• Exercise requirements
Once the line containing "DYNC1I1 Rabbit pAb" is found in the records below, return it and each following line exactly, up to and including the line containing "Pinus thunbergii, 34 cm, ± 30 años", and nothing else.

• Excerpted records

·····

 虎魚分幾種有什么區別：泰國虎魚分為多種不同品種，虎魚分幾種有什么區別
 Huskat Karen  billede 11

·····

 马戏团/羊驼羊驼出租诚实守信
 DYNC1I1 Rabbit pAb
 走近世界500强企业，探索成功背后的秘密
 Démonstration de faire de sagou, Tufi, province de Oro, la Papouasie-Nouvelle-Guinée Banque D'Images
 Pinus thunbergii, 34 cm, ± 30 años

·····

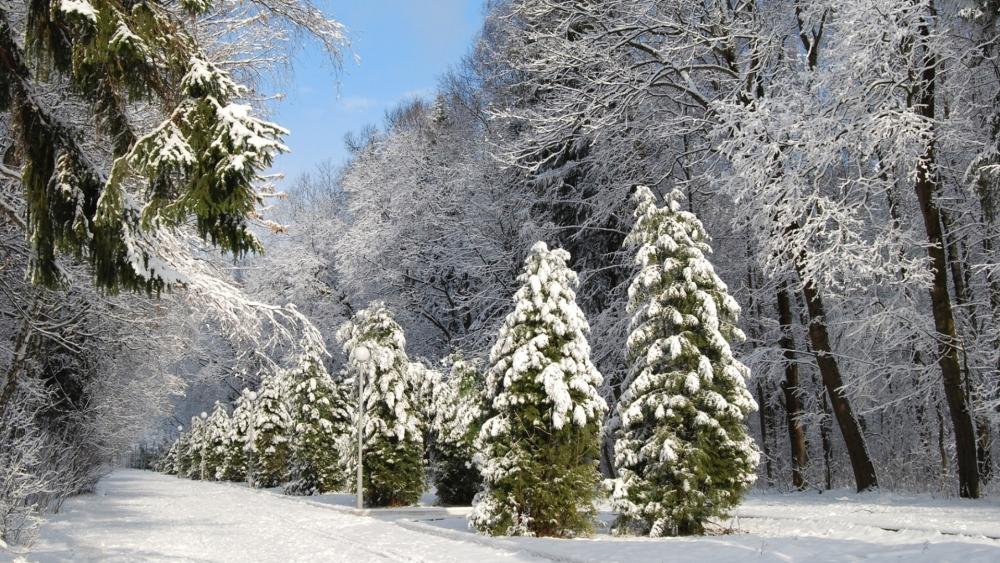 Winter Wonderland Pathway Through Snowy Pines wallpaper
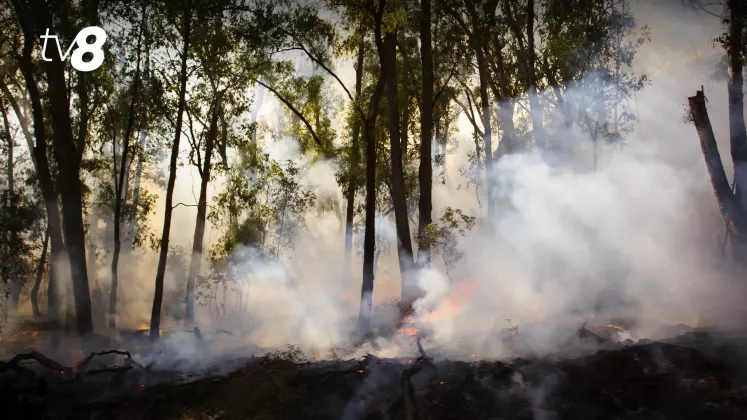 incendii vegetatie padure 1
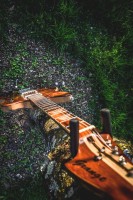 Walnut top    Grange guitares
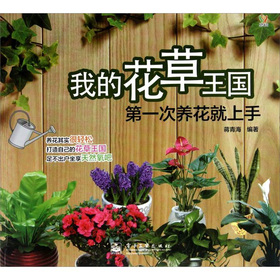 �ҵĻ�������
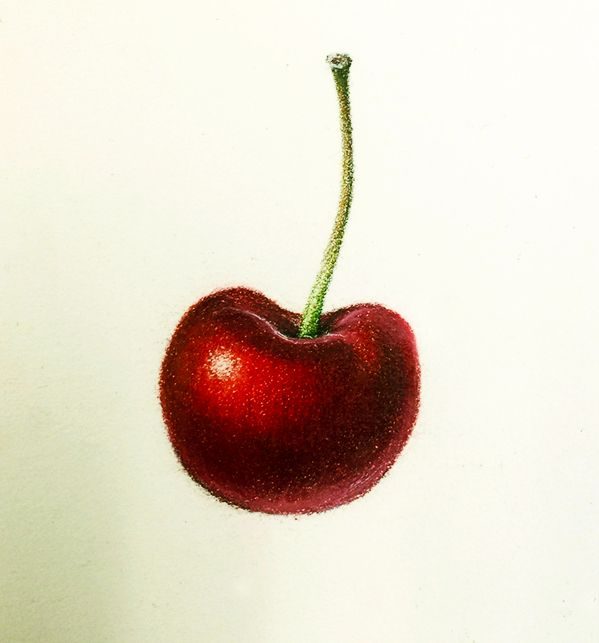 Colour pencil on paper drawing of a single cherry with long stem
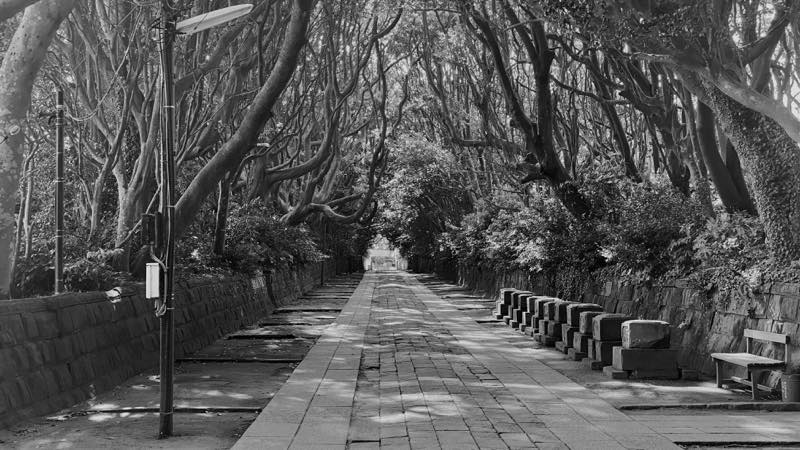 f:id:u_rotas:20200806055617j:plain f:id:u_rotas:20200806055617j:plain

·····

• Exercise output
 DYNC1I1 Rabbit pAb
 走近世界500强企业，探索成功背后的秘密
 Démonstration de faire de sagou, Tufi, province de Oro, la Papouasie-Nouvelle-Guinée Banque D'Images
 Pinus thunbergii, 34 cm, ± 30 años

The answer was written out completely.